Viúva de músico morto por militares do Exército perde emprego e sofre para criar o filho

Rafael Soares
Luciana perdeu um dos empregos e ainda espera por uma pensão do Estado

RIO - Um ano após o assassinato do músico Evaldo dos Santos Rosa, fuzilado por militares na Zona Norte do Rio, a viúva Luciana dos Santos Nogueira, de 42 anos, não sabe se vai conseguir pagar as contas no fim do mês. Os cerca de R$ 3 mil mensais que Evaldo ganhava como segurança de uma creche e tocando cavaquinho em eventos fazem falta no orçamento da viúva, que passou a ter gastos com o tratamento psicológico para ela e o filho Davi, de 8. Os problemas financeiros se agravaram há duas semanas, quando a técnica de enfermagem foi demitida de um dos dois empregos que tinha, num hospital.
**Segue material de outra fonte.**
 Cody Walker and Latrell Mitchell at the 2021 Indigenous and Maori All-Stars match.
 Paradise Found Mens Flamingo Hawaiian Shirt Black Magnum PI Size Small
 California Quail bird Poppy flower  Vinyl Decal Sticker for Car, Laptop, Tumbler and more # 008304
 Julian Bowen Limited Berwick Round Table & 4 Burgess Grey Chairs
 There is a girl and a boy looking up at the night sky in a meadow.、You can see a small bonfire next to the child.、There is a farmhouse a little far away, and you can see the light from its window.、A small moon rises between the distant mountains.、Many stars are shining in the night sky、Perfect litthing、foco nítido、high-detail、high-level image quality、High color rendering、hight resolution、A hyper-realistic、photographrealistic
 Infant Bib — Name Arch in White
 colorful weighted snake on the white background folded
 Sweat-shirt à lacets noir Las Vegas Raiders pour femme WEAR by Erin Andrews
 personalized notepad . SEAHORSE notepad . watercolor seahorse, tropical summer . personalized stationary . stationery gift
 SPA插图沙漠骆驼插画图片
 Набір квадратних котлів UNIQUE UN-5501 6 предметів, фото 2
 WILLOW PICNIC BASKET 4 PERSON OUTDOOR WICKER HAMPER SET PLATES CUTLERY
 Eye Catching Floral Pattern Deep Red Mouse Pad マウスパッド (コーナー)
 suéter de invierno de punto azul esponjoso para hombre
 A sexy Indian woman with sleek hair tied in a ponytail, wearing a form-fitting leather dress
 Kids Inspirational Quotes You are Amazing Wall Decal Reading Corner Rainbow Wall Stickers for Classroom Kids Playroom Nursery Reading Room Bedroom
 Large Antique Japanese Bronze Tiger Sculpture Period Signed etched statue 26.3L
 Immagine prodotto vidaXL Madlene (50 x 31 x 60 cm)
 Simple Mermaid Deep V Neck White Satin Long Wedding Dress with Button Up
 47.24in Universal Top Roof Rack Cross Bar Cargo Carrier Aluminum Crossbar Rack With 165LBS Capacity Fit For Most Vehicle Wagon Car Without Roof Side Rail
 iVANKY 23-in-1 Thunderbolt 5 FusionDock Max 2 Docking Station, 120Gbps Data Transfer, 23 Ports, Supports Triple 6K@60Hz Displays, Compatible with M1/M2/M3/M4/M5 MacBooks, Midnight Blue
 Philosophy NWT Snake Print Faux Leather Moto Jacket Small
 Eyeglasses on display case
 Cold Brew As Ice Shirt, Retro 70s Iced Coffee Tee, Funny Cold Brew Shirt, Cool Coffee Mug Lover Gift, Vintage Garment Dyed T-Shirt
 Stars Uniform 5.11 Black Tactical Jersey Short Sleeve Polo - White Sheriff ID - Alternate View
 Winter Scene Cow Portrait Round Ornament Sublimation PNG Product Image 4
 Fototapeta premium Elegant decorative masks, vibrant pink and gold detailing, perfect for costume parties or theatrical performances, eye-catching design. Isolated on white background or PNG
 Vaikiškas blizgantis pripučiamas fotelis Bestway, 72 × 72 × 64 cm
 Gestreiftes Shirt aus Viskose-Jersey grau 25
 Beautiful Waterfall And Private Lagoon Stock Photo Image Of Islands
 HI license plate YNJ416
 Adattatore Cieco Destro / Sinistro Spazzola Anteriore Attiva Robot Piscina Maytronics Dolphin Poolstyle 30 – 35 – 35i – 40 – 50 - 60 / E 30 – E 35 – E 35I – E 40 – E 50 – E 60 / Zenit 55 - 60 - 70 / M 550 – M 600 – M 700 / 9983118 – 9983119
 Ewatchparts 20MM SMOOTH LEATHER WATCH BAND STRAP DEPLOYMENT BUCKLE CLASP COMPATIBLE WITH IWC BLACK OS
Luciana, entretanto, tem direito a uma pensão da União: no último dia 4 de fevereiro, o Tribunal Regional Federal da 2ª Região determinou o pagamento de R$ 2.348,84 mensais à mulher e ao filho. O valor corresponde a dois terços do que Evaldo ganhava quando era vivo. Até hoje, entretanto, a família não recebeu um centavo.

— O Exército nunca me procurou. Não pediram nem desculpa, não quiseram saber como eu estava, como estava meu filho. Nada. Tivemos que entrar na Justiça para conseguir a pensão, que, hoje, seria fundamental para eu e meu filho podermos nos sustentar. Eu me sinto abandonada — conta Luciana.

Para que ela comece a receber a pensão, restam somente entraves burocráticos, já que a decisão é em segunda instância. O processo segue para decidir sobre um pagamento de indenização a Luciana, Davi e aos irmãos de Evaldo.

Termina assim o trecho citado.